Speaking through her “tears of joy,” Sternlicht expressed, “I really, really, really don’t want to be woken up from this dream. I love this horse so, so much. McLain [Ward] is the most unbelievable mentor for me and such an important part of my life. For me, it’s been a battle of overcoming my own mind. I’m so grateful that Robert [Ridland] trusted me to put me on this team. To be with Laura [Kraut] and McLain [Ward] and Devin [Ryan], honestly three riders that I’ve looked up to my entire life for various reasons, it’s invaluable experience. I can only grow from this and I’m so grateful for this opportunity.”
Ryan, who is riding in his first championship along with Sternlicht, acknowledged the incredible year he has had leading up to this gold-medal moment.

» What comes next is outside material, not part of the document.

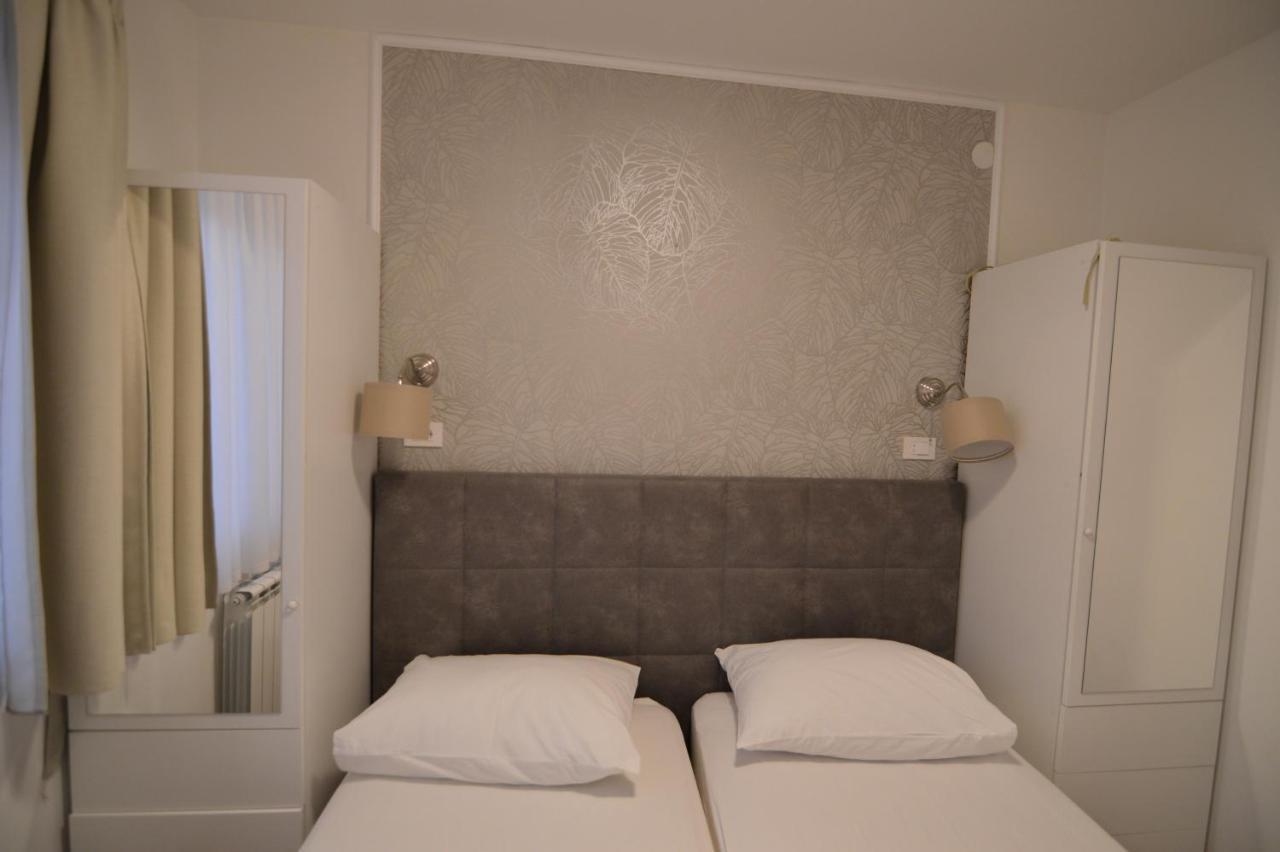 Apartments By The Sea Starigrad, Paklenica - 16421 Extérieur photo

“A lot has changed over the past 12 months for me,” said Ryan, who was also runner-up in the 2018 Longines FEI World Cup™ Jumping Final with Eddie Blue. “It was my breakthrough year. I’ve been working my way up the ranks building a business, bringing along young horses, and it’s finally paid off a bit. I’ve learned a lot this week. It’s my first real championship and this year is the first year I’ve actually been on a team. The team starts with my family, my owners, and all of these guys. It felt good to be able to produce that clean round for the jump-off.”
Kraut reminisced of her last gold medal-winning performance in the 2008 Hong Kong Olympic Games, which was also won in a jump-off, and felt that winning in the United States in front of a home crowd made it even more special.

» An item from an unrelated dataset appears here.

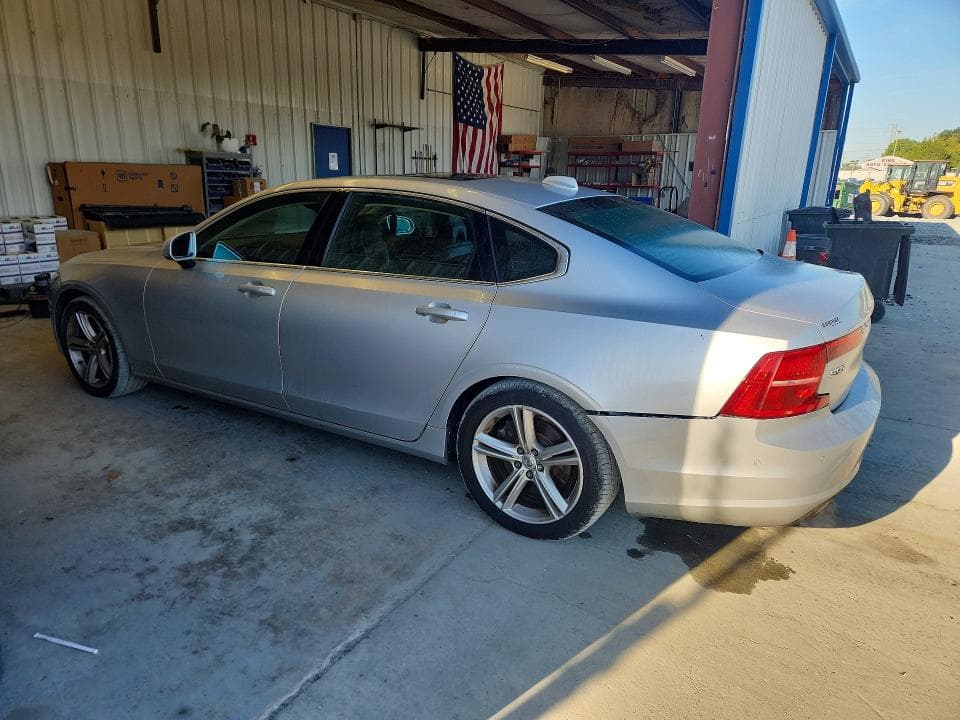 2018 VOLVO S90 T5 MOMENTUM 2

“It was amazing sport. I don’t think we’ll ever see something like this again,” she said. “Thanks to everyone here and our supporters and owners for this opportunity. At my age, it’s great! I’m going to brag; I think we have the best support system in the world, for sure. The list is endless of the people that are making this happen for us. They do everything to make our job as easy as possible and they’re incredible. I still can’t believe it.”
With the U.S. in gold and Sweden winning the silver, Germany rounded out the podium in bronze.
All four U.S. riders will advance to Sunday’s individual final. They sit in the following places with accumulated penalties (not including the jump-off):
McLain Ward and Clinta: 6.08 penalties, sixth place
Laura Kraut and Zeremonie: 9.87 penalties, 17th place
Adrienne Sternlicht and Cristalline: 10.26 penalties, 20th place
Devin Ryan and Eddie Blue: 11.64 penalties, 24th place
The NetJets U.S. Jumping team will compete on Sunday, September 23, at 9:45 a.m. ET for the individual final. The top 12 return for a second round on Sunday to determine the individual medals.